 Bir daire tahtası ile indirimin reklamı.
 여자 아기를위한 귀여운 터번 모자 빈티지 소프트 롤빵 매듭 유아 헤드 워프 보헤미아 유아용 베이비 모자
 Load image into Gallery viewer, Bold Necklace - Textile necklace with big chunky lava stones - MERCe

...

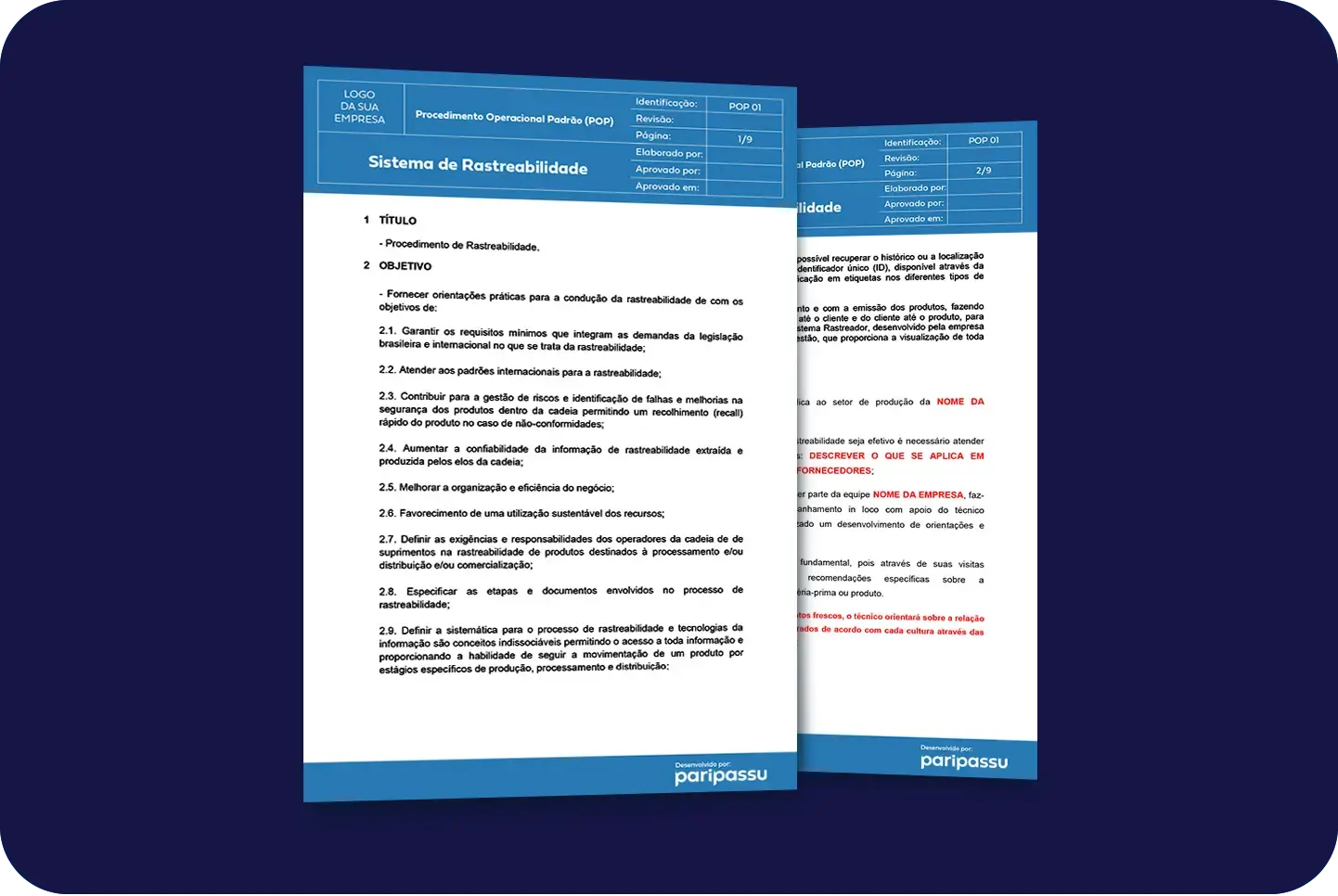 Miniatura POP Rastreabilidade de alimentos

* * *

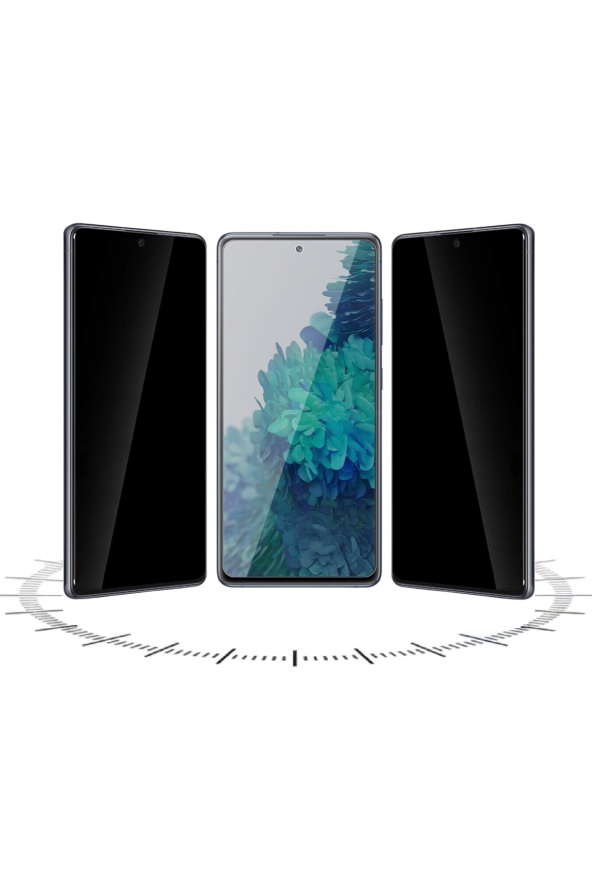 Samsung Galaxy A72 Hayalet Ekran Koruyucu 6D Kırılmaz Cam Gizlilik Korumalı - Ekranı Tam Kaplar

> What you are asked to do: Only one stretch of the data above is needed. Restate it word for word, from the line containing "Bir daire tahtası ile indirimin reklamı." through the line containing "Load image into", both ends included.

> Result:
 Bir daire tahtası ile indirimin reklamı.
 여자 아기를위한 귀여운 터번 모자 빈티지 소프트 롤빵 매듭 유아 헤드 워프 보헤미아 유아용 베이비 모자
 Load image into Gallery viewer, Bold Necklace - Textile necklace with big chunky lava stones - MERCe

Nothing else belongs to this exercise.